Conserver l’œuvre ou le processus ? 

Encore faut-il savoir quoi conserver, et dans quel but. Faut-il privilégier la conservation de l’œuvre finale ? Le processus de création qui l’a rendue possible ? Ou bien les deux à la fois ? Ces interrogations, loin d’être théoriques, conditionnent l’avenir même de la diffusion. “On conserve pour une diffusion en ligne, en format physique, pour une plateforme dédiée ?” s’interroge ainsi Julien Ottavi. À l’IRCAM, l’ambition est de rendre possible la réactivation d’une œuvre, sa re-performance dans le futur. Comme le rappelle Serge Lemouton : “Cela signifie décrire précisément le dispositif technique utilisé : les logiciels, les patchs, les vidéos, la lumière, les synthétiseurs, etc. Cette documentation, c’est la clé, le véritable mode d’emploi.” Pour centraliser ce travail, l’institution nourrit une base de données interne, baptisée Sidney, destinée à archiver et documenter chaque création. Mais cette démarche, pourtant exemplaire, révèle d’emblée ses limites à l’échelle du secteur de la création sonore : il n’existe pas de modèle unique de documentation, pas de normes universelles. Et la question se complexifie davantage encore à l’ère de l’hybridation, où les pratiques sonores se déploient dans une variété de formes et de formats potentiellement infinie.

Diffuser et préserver les œuvres sonores

Historiquement les enjeux de diffusion et de préservation ont été envisagés du côté des éditeurs de musique, soucieux de garantir la perception des droits d’édition et d’exécution des œuvres. Dans cette même logique, la galerie d’art sonore ((le son 7)), située à Capestang dans le sud de la France, adopte une politique de conservation dont l’attention se porte davantage sur l’œuvre elle-même que sur les conditions techniques de sa production. La responsabilité est ainsi transférée aux collectionneur·euses, invité·es à convertir les fichiers en cas d’évolution des formats. “Nous utilisons le format .wav, mais nous anticipons l’arrivée d’un autre format dans les années à venir. La conversion vers différents formats est autorisée”, explique Andy Footner, cofondateur de la galerie. Cette latitude est d’ailleurs inscrite noir sur blanc dans les contrats de cession de droits : l’acheteur dispose du « droit de reproduction de l’œuvre, aux fins de réaliser des copies par tous procédés et sur tous supports, aux seules fins de l’usage privé et de la bonne conservation de l’œuvre, sans que ces copies puissent être communiquées à quiconque”. Mais si le rôle de la galerie est d’assurer la diffusion et la transmission des œuvres, il reste un point crucial à élucider : comment préserver, au-delà du fichier sonore, les moyens concrets de rejouer et de faire vivre une création sonore ? 

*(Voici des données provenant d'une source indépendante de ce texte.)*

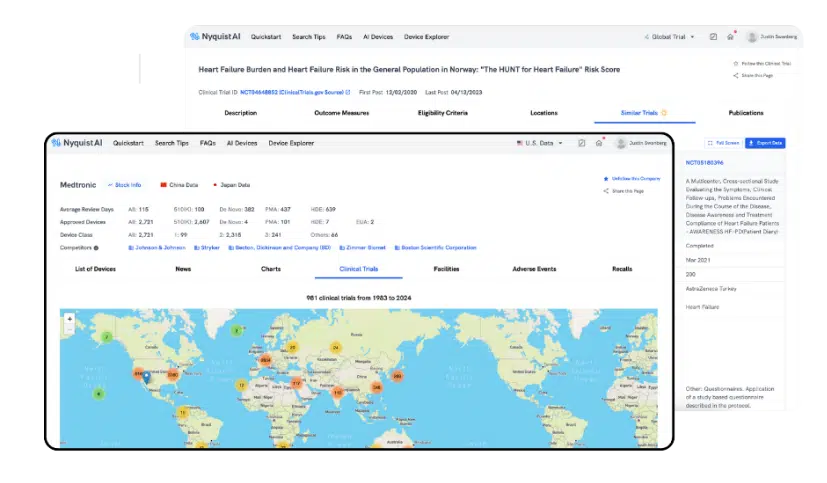 GLOBAL CLINICAL TRIALS - Decode The Global Pipeline For Breakthrough Success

Des protocoles de documentation disparates 

À titre d’exemple, observons la politique documentaire développée par Apo33. La structure a mis en place une méthodologie systématique d’enregistrement et d’archivage de l’ensemble de ses activités : “Depuis  1999, nous avons mis en place une méthode d’enregistrement sonore systématique de tous nos événements, œuvres, processus artistiques et matériels, avec une mise en valeur sur nos serveurs de façon 100 % autonome”, rappelle Julien Ottavi. Aujourd’hui, le protocole est particulièrement structuré : à chaque événement, une station spécifique est dédiée à la documentation. Les équipements d’enregistrement et de diffusion sont optimisés afin d’assurer à la fois la mémoire et la valorisation des productions. “Nous avons une machine dédiée pour l’enregistrement et le streaming audio uniquement, au minimum en stéréo et/ou en multipiste avec le logiciel Ardour, pour une post-production en studio par la suite et, éventuellement, une sortie sur Fibrr Records ou une mise en ligne pour archivage si les enregistrements ne sont pas valorisés officiellement. Et une machine dédiée pour le streaming et l’archivage vidéo multiplateformes (Twitch, YouTube, Facebook et PeerTube).” On retrouve cette politique de conservation chez d’autres structures, à l’image du studio de création sonore Les Ensembles 2.2. “« Pour chaque projet, en sus de la sauvegarde logicielle classique, on exporte piste par piste, avec et sans traitements. On ajoute également les sons de base, ainsi qu’une description des traitements et de leur usage. Cela nous permet de reconstituer le puzzle dans les cas où nous devons intervenir sur les créations initiales, quel que soit le temps écoulé. C’est pensé pour des experts, capables de reproduire la création avec les outils disponibles à un instant donné.” explique Gaëtan Gromer, directeur de la structure strasbourgeoise. Cette logique de conversation est intégrée par différentes parties prenantes des projets, notamment les développeurs.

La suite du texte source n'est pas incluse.